● **Problem requirements**: Only the lines below from the one containing "Graines Prunus Serotina, Cerisier" to the one containing "20050725-173355-Unknown-2005" should be repeated, both included and unchanged.

● **Supplied records**:

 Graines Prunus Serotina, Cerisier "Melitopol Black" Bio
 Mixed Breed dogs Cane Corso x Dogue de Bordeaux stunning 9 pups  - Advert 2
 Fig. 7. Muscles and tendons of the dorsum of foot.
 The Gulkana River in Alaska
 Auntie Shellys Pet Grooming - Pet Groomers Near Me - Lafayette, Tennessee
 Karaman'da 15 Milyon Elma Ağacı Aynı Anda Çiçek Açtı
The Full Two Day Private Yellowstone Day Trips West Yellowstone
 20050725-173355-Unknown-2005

--

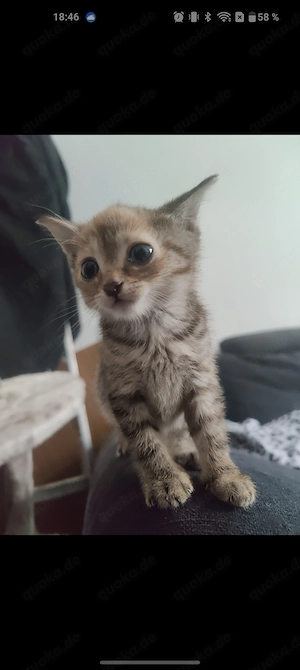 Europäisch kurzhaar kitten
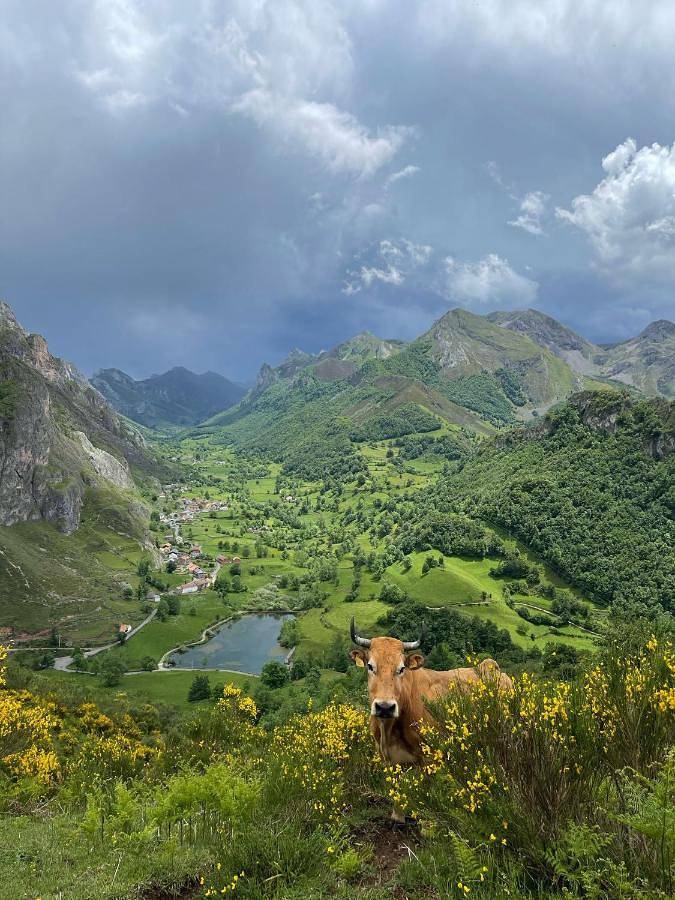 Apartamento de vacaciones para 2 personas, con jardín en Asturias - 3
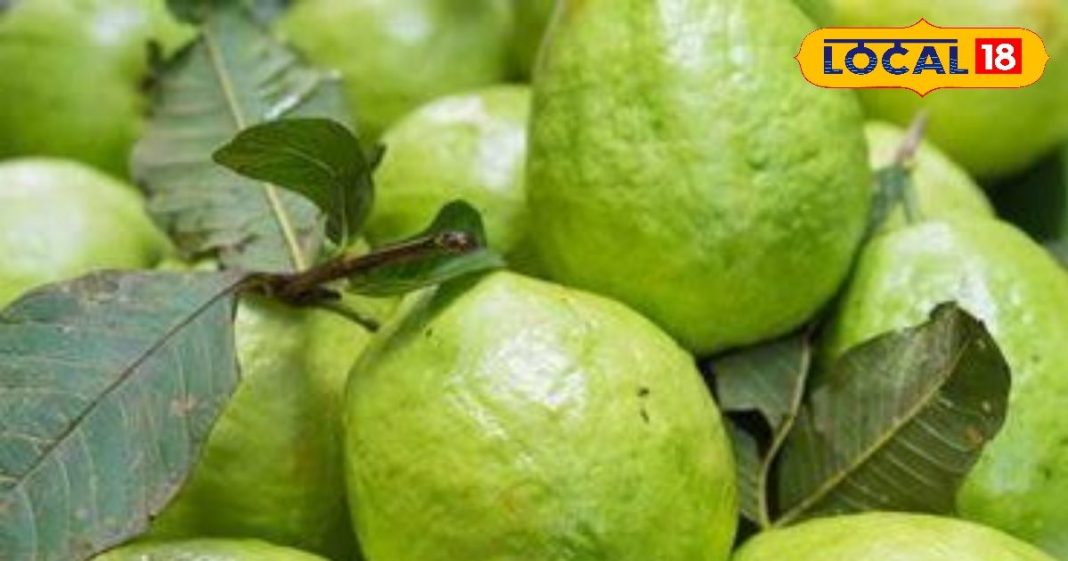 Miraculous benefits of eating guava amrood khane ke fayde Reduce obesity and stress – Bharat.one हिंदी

...

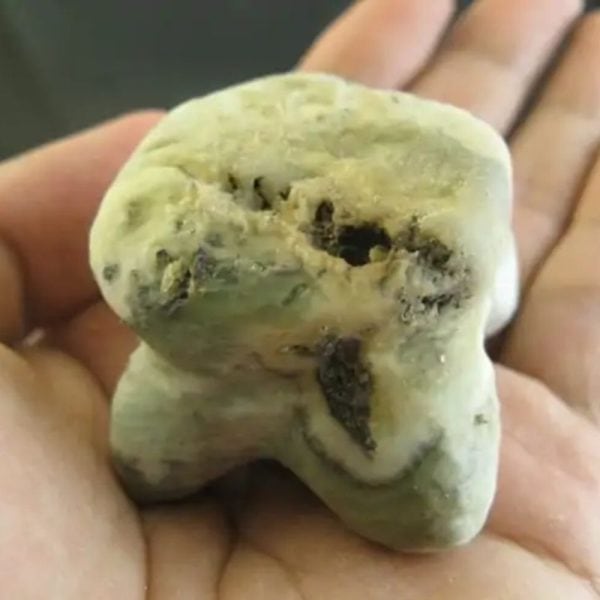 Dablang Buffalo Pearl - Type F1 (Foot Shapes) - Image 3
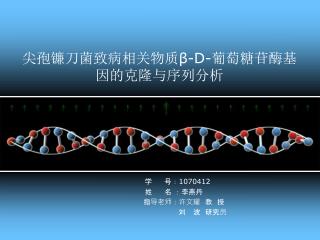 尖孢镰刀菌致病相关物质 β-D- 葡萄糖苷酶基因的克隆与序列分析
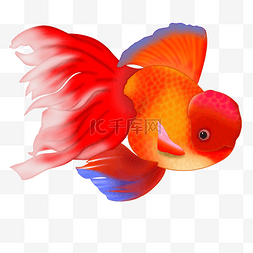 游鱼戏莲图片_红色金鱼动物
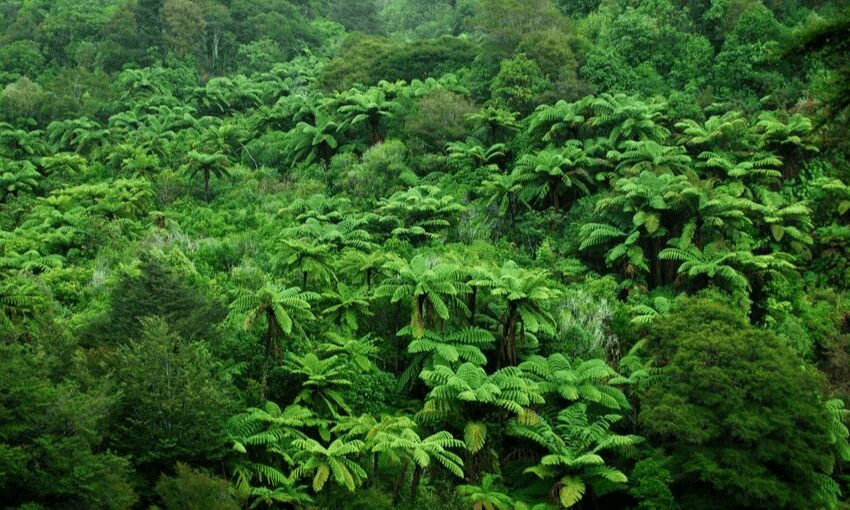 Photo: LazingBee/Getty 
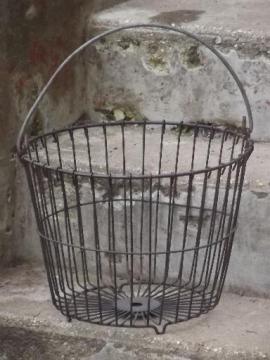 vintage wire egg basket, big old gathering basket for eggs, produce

● **Answer to the exercise**:
 Graines Prunus Serotina, Cerisier "Melitopol Black" Bio
 Mixed Breed dogs Cane Corso x Dogue de Bordeaux stunning 9 pups  - Advert 2
 Fig. 7. Muscles and tendons of the dorsum of foot.
 The Gulkana River in Alaska
 Auntie Shellys Pet Grooming - Pet Groomers Near Me - Lafayette, Tennessee
 Karaman'da 15 Milyon Elma Ağacı Aynı Anda Çiçek Açtı
The Full Two Day Private Yellowstone Day Trips West Yellowstone
 20050725-173355-Unknown-2005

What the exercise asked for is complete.